**Given material:**
==*==
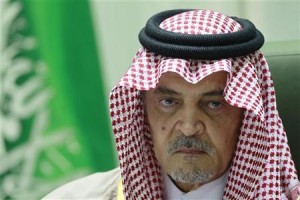 Saudi Arabian FM Prince Saud Al-Faisal gestures during a news conference at his office in Riyadh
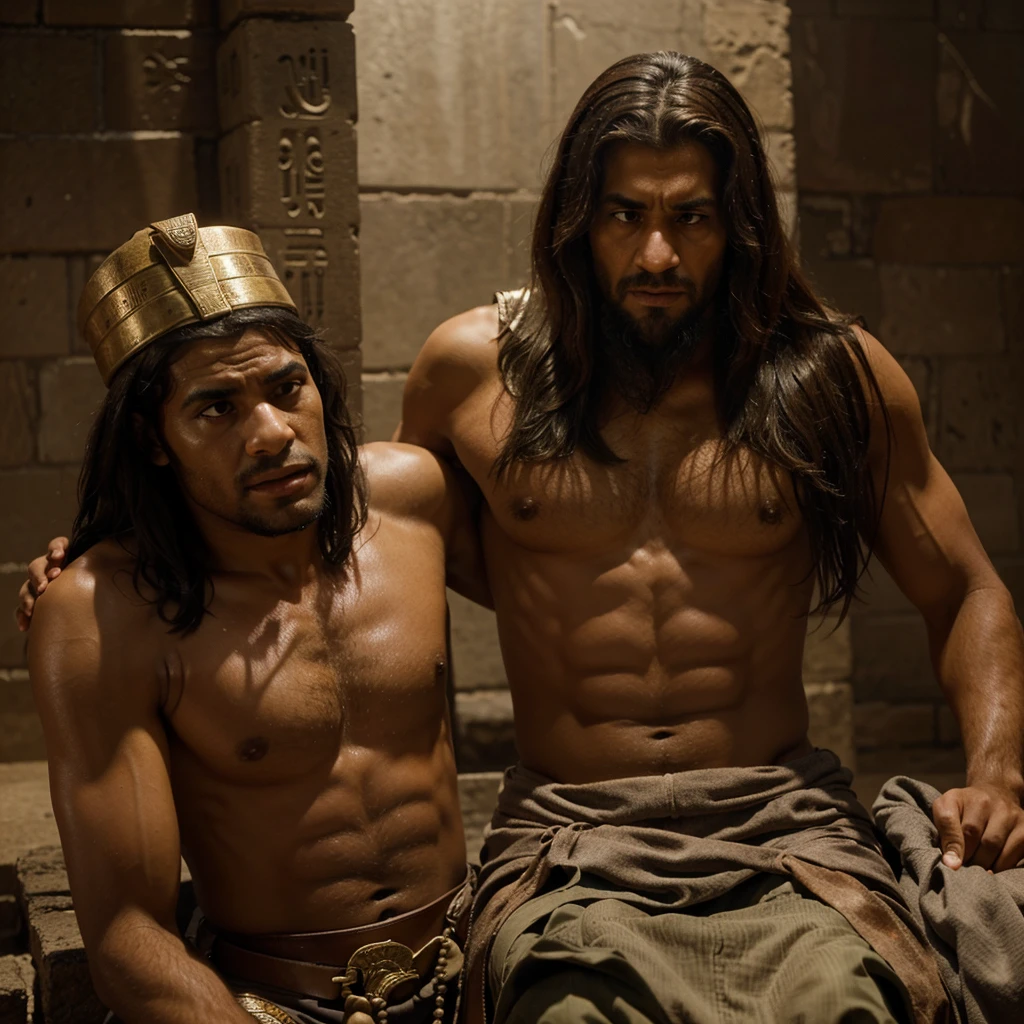 You are an expert in what I'm going to ask you: make an Egyptian man beat a Hebrew like in the movie Moses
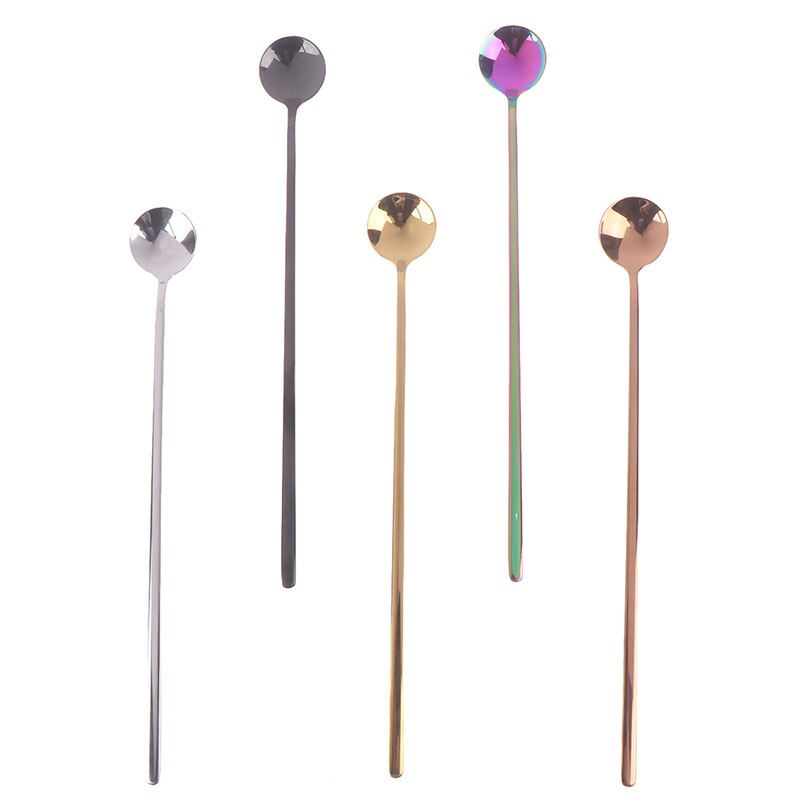 Cuchara para revolver té o café de Color arcoíris, cucharas de postre para helado de mango largo, vajilla ecológica de acero inoxidable, suministros de cocina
==*==
**What is required:**
Each line of the listing above should be retyped exactly, with no pictures.

**Task answer:**
 Saudi Arabian FM Prince Saud Al-Faisal gestures during a news conference at his office in Riyadh
 You are an expert in what I'm going to ask you: make an Egyptian man beat a Hebrew like in the movie Moses
 Cuchara para revolver té o café de Color arcoíris, cucharas de postre para helado de mango largo, vajilla ecológica de acero inoxidable, suministros de cocina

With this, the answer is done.